(DATA TO PROCESS begins)
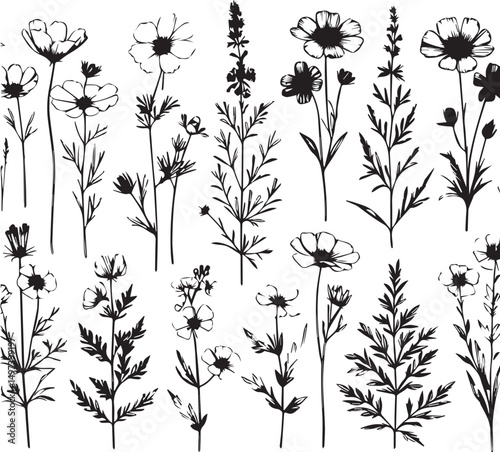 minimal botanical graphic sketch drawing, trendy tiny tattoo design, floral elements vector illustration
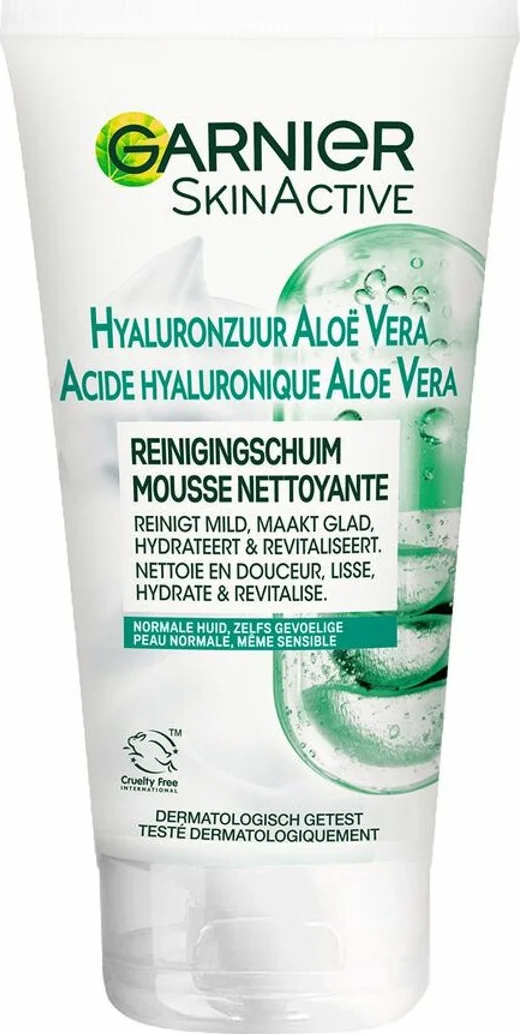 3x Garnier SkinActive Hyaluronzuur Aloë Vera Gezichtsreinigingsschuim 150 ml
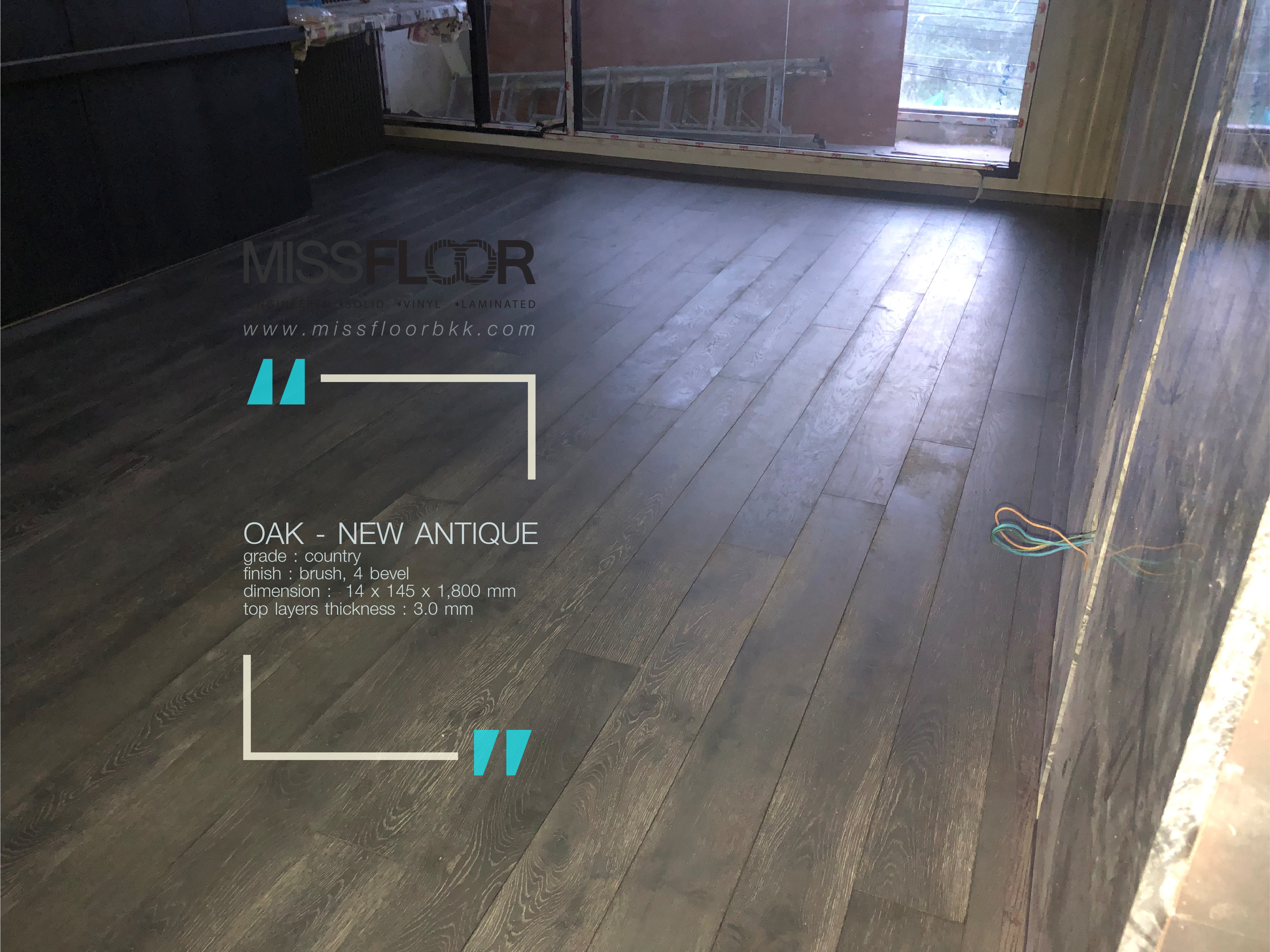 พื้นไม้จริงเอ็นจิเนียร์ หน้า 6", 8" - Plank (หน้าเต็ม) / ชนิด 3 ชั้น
(DATA TO PROCESS ends)
(DATA TO PROCESS begins)
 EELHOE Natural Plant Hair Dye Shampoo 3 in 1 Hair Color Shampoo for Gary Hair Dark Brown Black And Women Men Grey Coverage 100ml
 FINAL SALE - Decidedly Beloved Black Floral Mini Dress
(DATA TO PROCESS ends)
DESCRIPTION OF THE TASK
Look over the entries for "Black", then copy every line that includes that string.

TASK RESPONSE
 EELHOE Natural Plant Hair Dye Shampoo 3 in 1 Hair Color Shampoo for Gary Hair Dark Brown Black And Women Men Grey Coverage 100ml
 FINAL SALE - Decidedly Beloved Black Floral Mini Dress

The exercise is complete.